Engraving of Nathanael Greene
Nathanael Greene, a native of Rhode Island, was one of the generals of the Continental Army in the South during the American Revolution. Greene worked his way up from being a military novice to a respected general. He had a mind for strategy, which proved beneficial to General George Washington, and he found unique ways to play to his strengths. Nathanael Greene’s relationship with Washington, his investment in public support, and his emphasis on military intelligence made him an effective leader in the southern campaign of the Revolutionary War.
Nathanael Greene: Revolutionary Strategist
Essay by Sarah Heavren, Education Intern, Providence College
Nathanael Greene grew up in a Quaker family in Potowomut, Rhode Island. His mother died when he was eleven years old, leaving him in his father’s care. His father was a devout Quaker who promoted “pacifism, hard work, and adherence to Scripture.” As a consequence of his father’s strict religious views, Greene did not receive much education. Additionally, the Quaker principle of anti-violence barred Greene from involving himself in military affairs. After his father died in 1770, Greene separated himself from Quaker practices to such an extent that he was suspended from the Quaker community in 1773. However, he took advantage of his freedom to educate himself on various subjects, including military practices.

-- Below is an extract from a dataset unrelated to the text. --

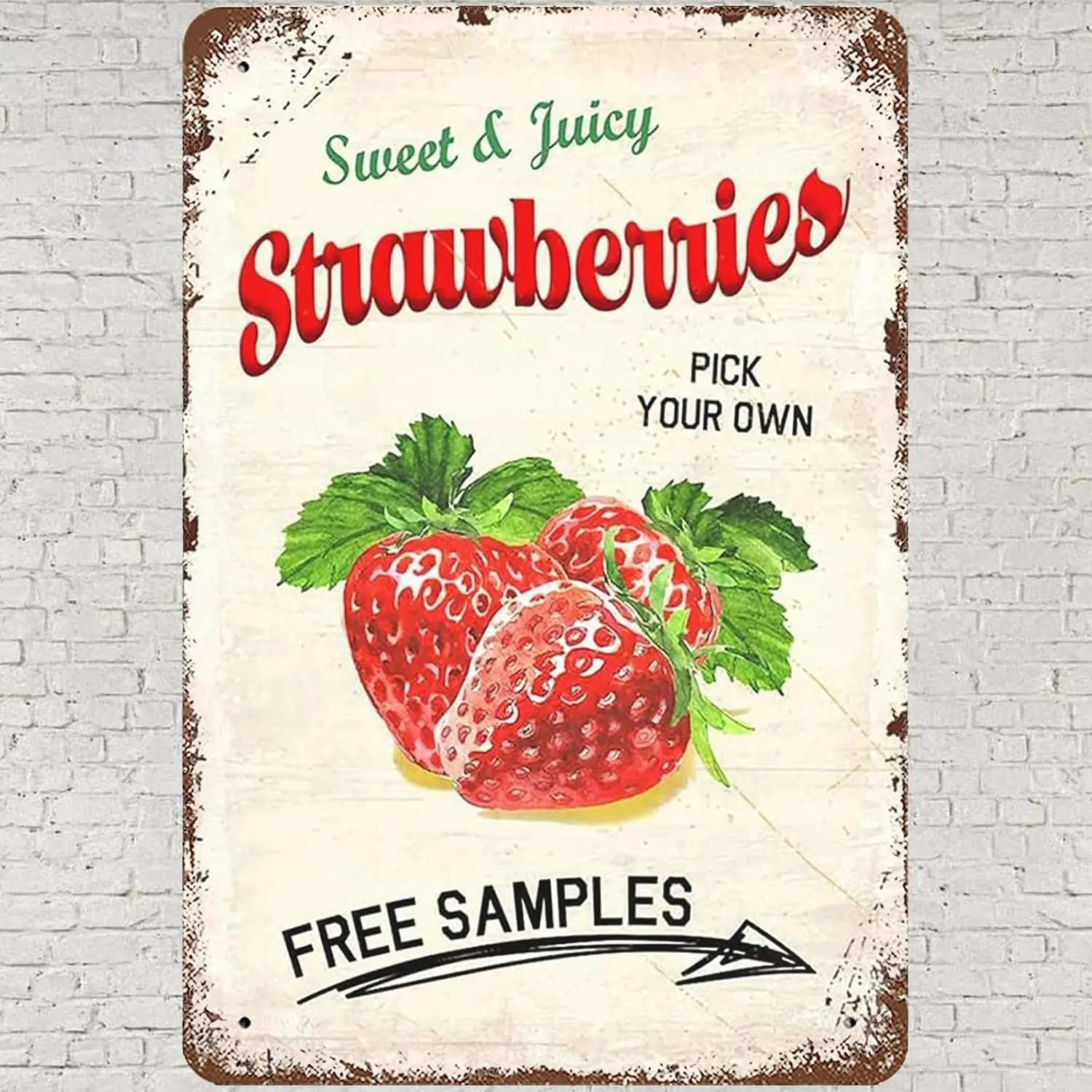 Y1,12X 16 Vintage Metal Tin Sign Funny Sweet Strawberries Wall Art Decor, Rustic Look Farmhouse Strawberry Poster for Home Livin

The outbreak of the Revolutionary War created the perfect opportunity for Greene. He served as a militia private before he became commander of the Rhode Island militia and junior brigadier in the Continental Army. Greene’s positions of authority had changed so quickly that he had little time to gain significant military experience, let alone leadership experience. However, his reputation caught the attention of General George Washington, who was willing to mentor Greene in return for advice on military strategies.
Throughout the Revolution, Greene and Washington developed such a special relationship that Greene named his first two children George Washington and Martha Washington Greene. Greene “was competent, loyal, and—critically—less experienced than the commander in chief.” Washington was grateful that Greene respected him and was eager to learn. Although Greene did not have much of a military background, he had other strengths that made him an asset to Washington. As Hall writes, “Despite his lack of combat experience, Greene’s shrewd judgment and organizational abilities earned Washington’s trust.”  Greene started to build up a reputation because of his military cunning and his advising skills. He became the commander of the New Jersey militia and advised Washington’s various councils. On multiple occasions, Greene’s advice proved to be the best approach, which bolstered the reliability of his judgment.
Washington was not a strategic expert when it came to military matters, and while he was rooted in European traditions characteristic of the British army, Greene had a unique mind for strategy. After studying military theory and experimenting with executing various strategies, Greene proved that he had developed a strong military intuition. Greene was more open to a less-structured form of warfare than the formal style that Washington had been using. Confident in his mentee’s strategic abilities, Washington appointed Greene to lead the southern division of the Continental Army in October of 1780. The army that Greene inherited from General Horatio Gates was not in good condition. Gates and the southern army had suffered a serious defeat in Camden, South Carolina just two months prior to Greene’s appointment, leaving supplies and morale low. Greene’s leadership and cleverness lent a new approach to the war efforts in the South.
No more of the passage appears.